▶ _REQUIRED ACTION_:
Nothing but the lines from the one containing "בית נופש Flowers Island House 4 *" through the last line of the data below should be returned, each exactly as it stands, pictures excluded.
*** RECORDED DATA Section Begins ***
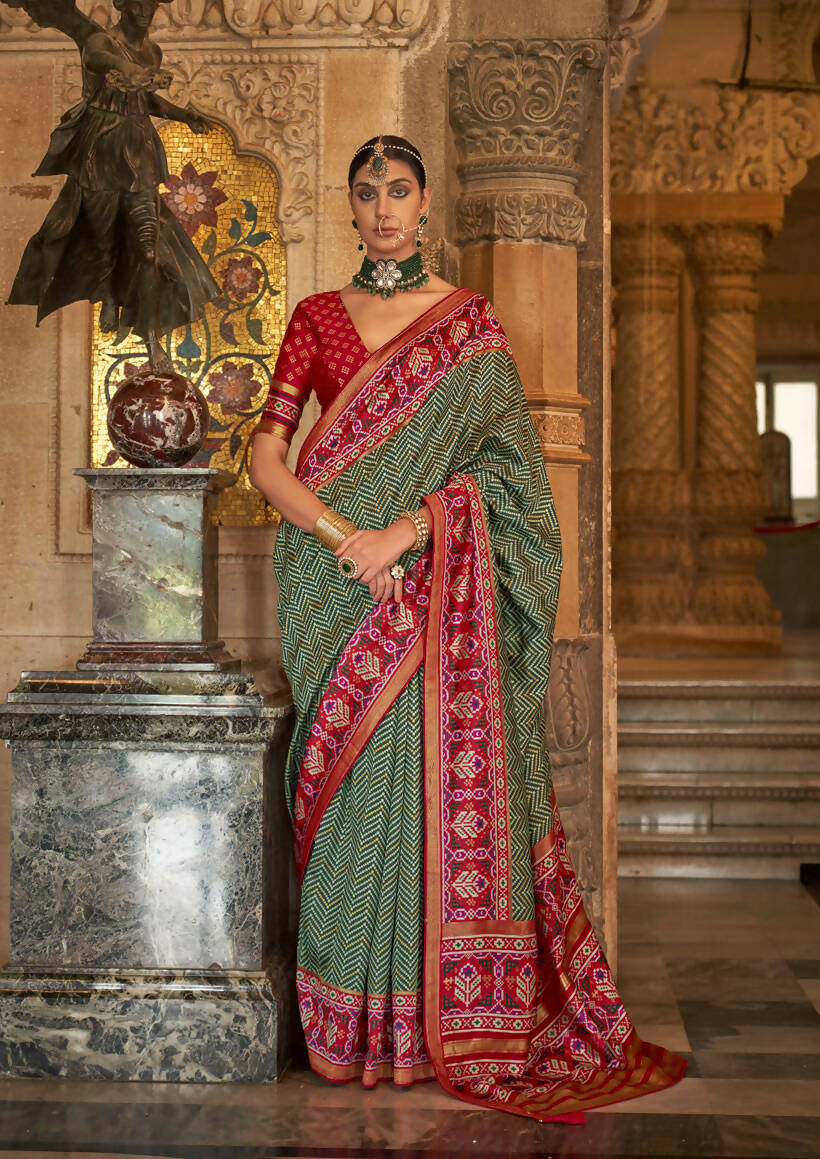 Siam Green Banarasi Weaving, Ultra Aqua Finish, Zari Work Banarasi Silk Saree - Rath Kunti - Swadesiicart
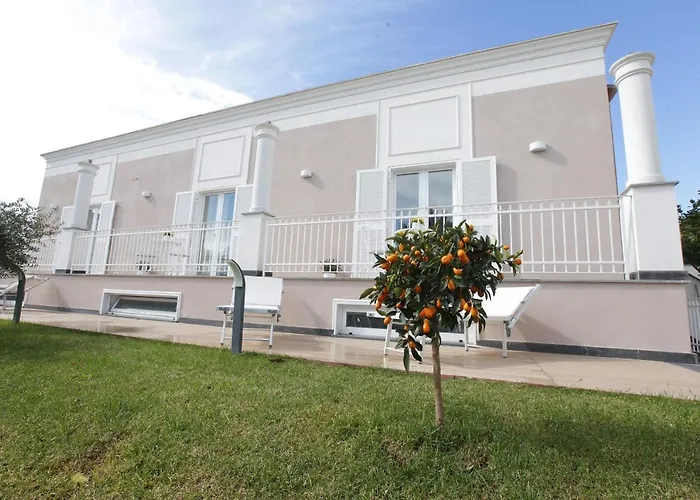 Maison De Charme לינה וארוחת בוקר 4*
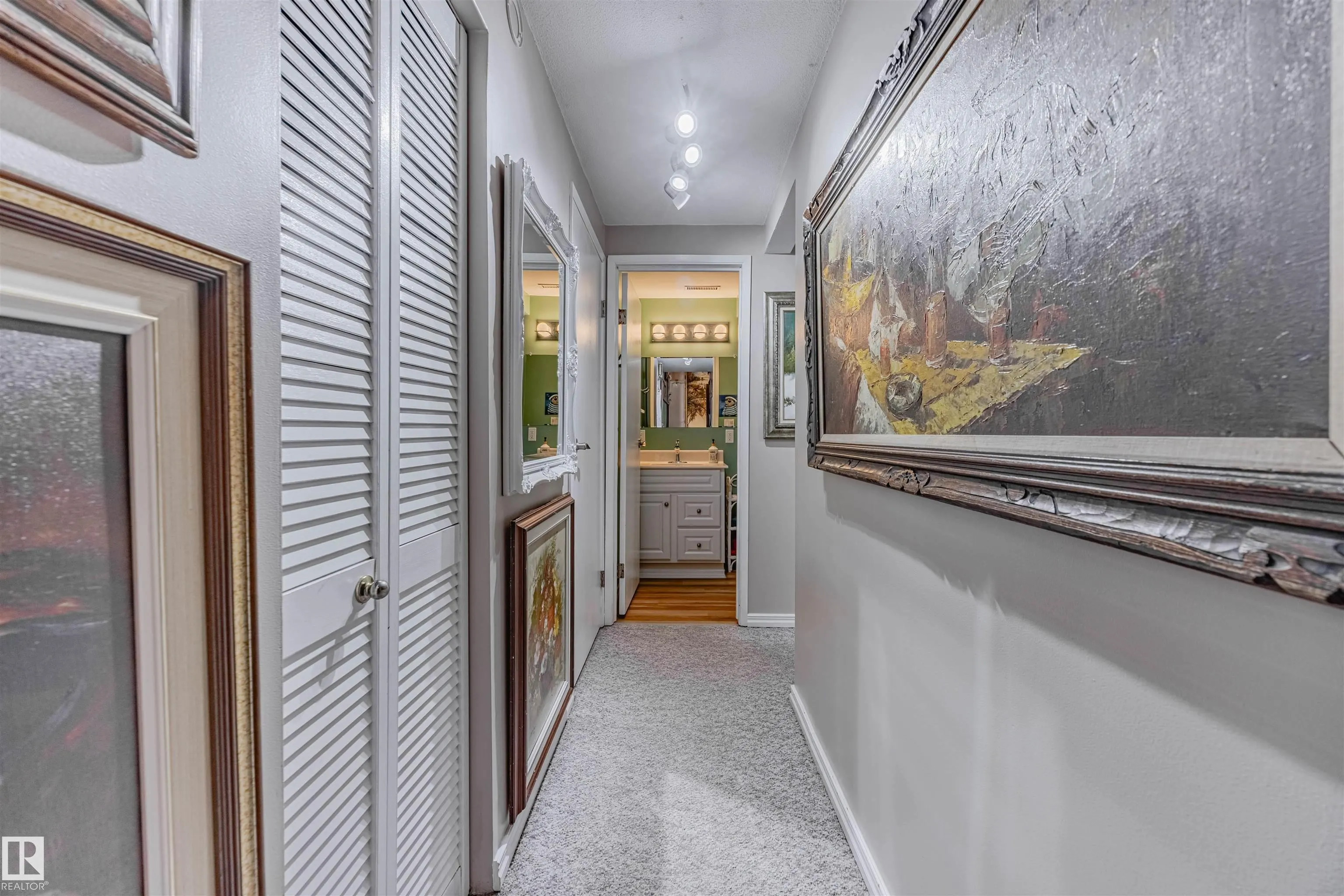 15 WILLIAM HUSTLER Crescent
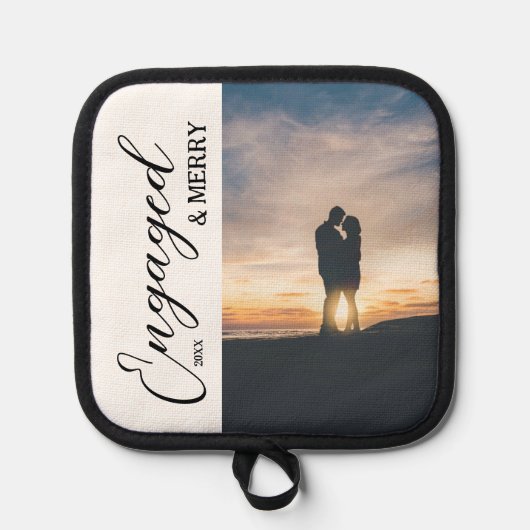 Engaged & Merry Couple Photo 鍋敷き (正面)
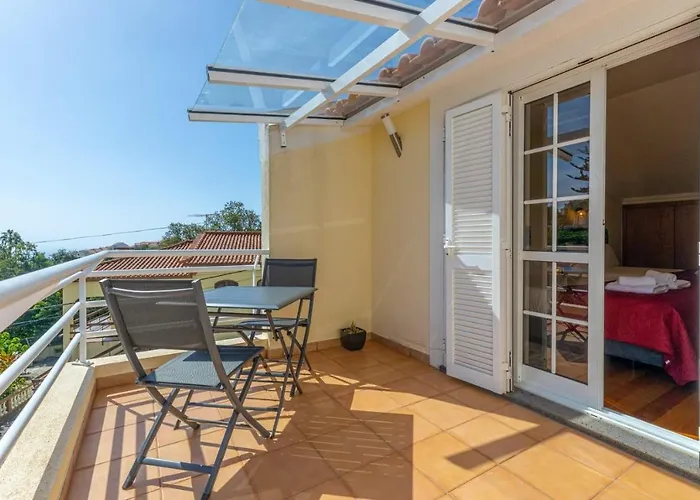 בית נופש Flowers Island House 4 *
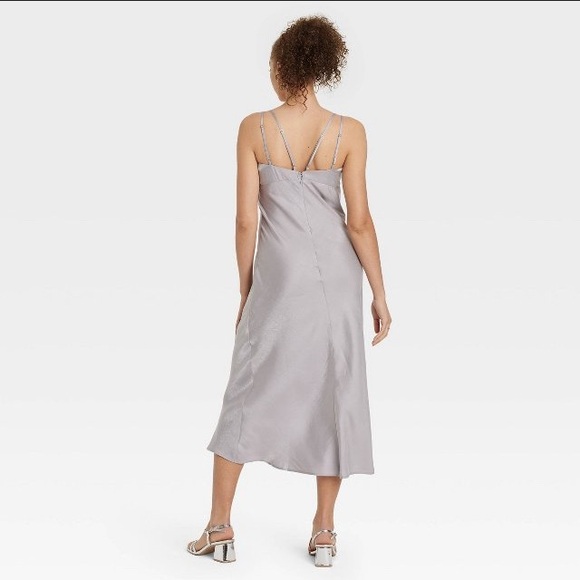 💕Elegant Silver Maxi Slip Dress - Picture 3 of 7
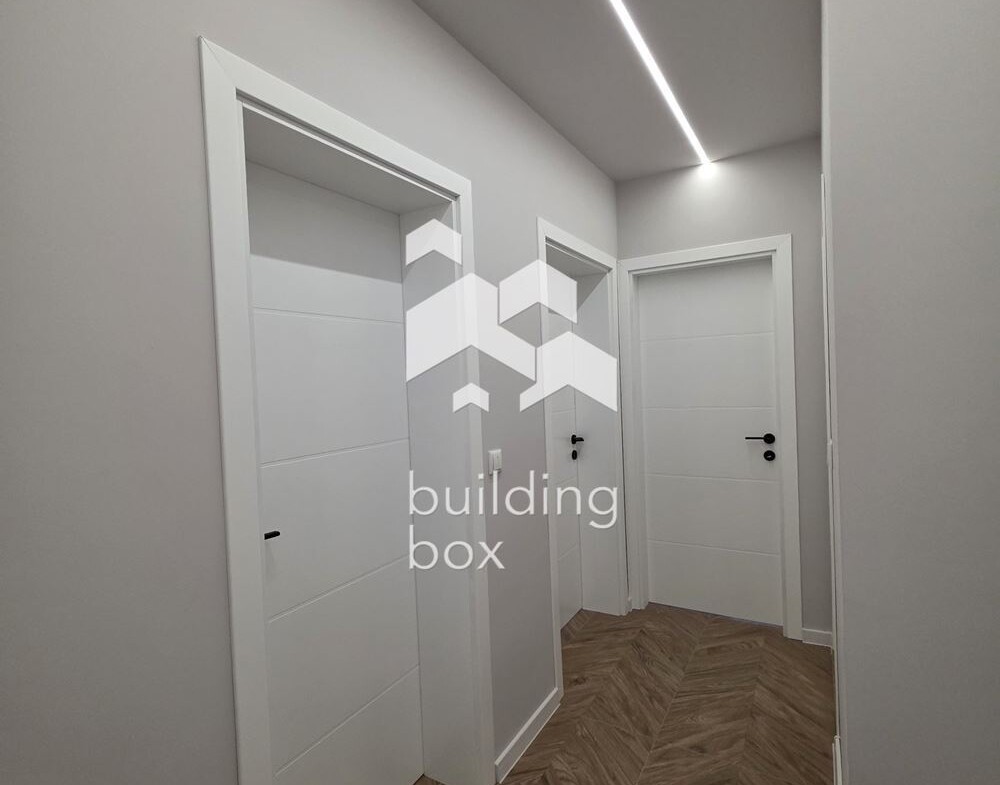 Тристаен апартамент в кв.Тракия. - 0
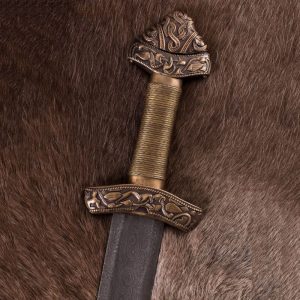Kard viking in damasco: Rune brune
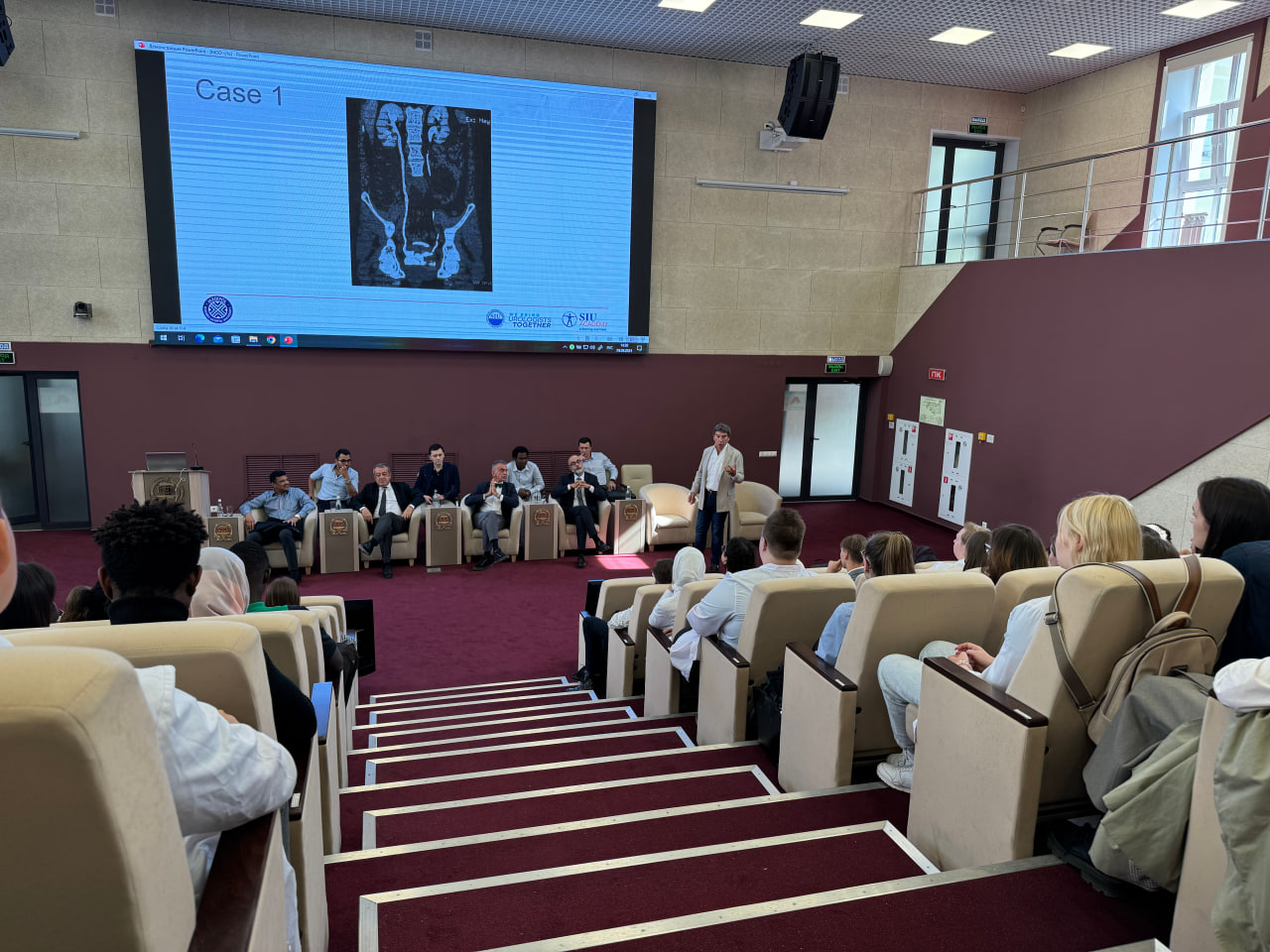 Международные эксперты в области урологии посетили БГМУ: новый этап сотрудничества и обмена знаниями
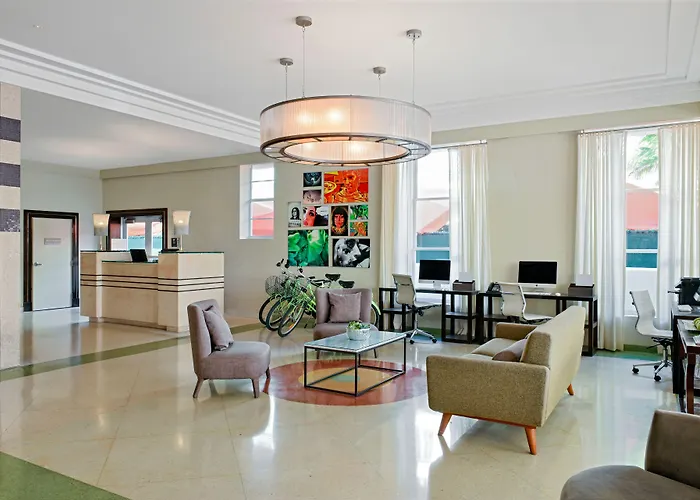 Hotel Breakwater South Beach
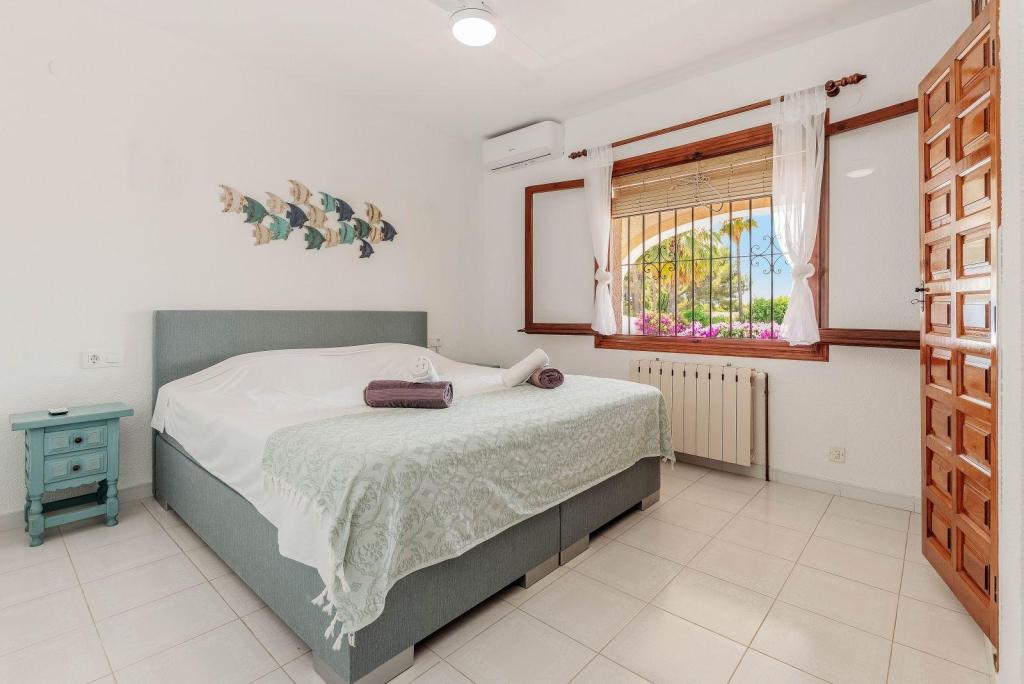 7 bed villas in Moraira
*** RECORDED DATA Section Ends ***
▶ _ANSWER SECTION_:
 בית נופש Flowers Island House 4 *
 💕Elegant Silver Maxi Slip Dress - Picture 3 of 7
 Тристаен апартамент в кв.Тракия. - 0
Kard viking in damasco: Rune brune
 Международные эксперты в области урологии посетили БГМУ: новый этап сотрудничества и обмена знаниями
 Hotel Breakwater South Beach
 7 bed villas in Moraira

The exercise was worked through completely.